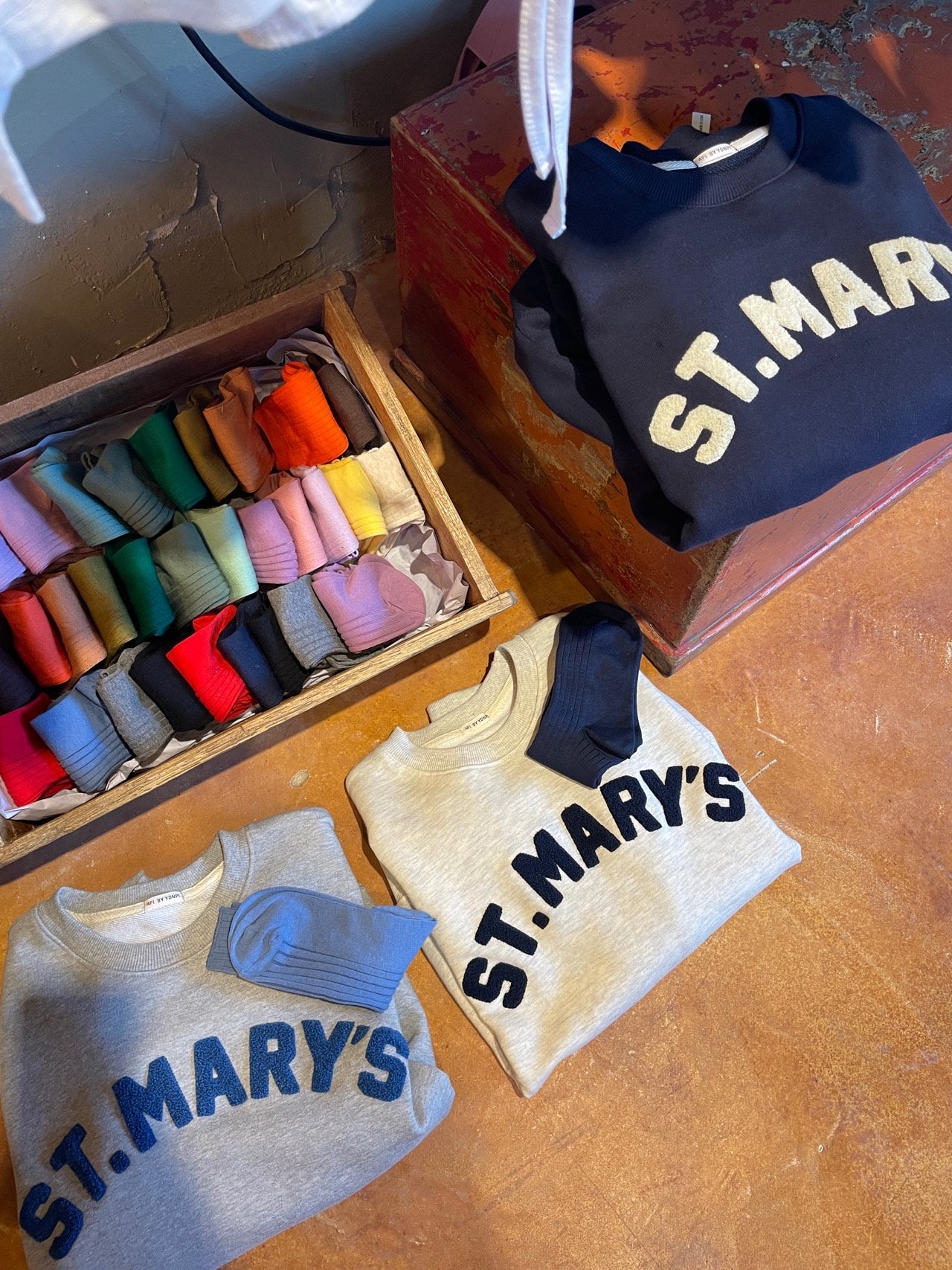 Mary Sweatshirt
---
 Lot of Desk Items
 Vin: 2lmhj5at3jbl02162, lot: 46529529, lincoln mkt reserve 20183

Problem to solve
Could you write out, exactly as they stand, only the lines above that begin at the line with "Lot of Desk Items" and stop after the line with "Vin: 2lmhj5at3jbl02162, lot: 46529529, lincoln"?

Answer to the problem
 Lot of Desk Items
 Vin: 2lmhj5at3jbl02162, lot: 46529529, lincoln mkt reserve 20183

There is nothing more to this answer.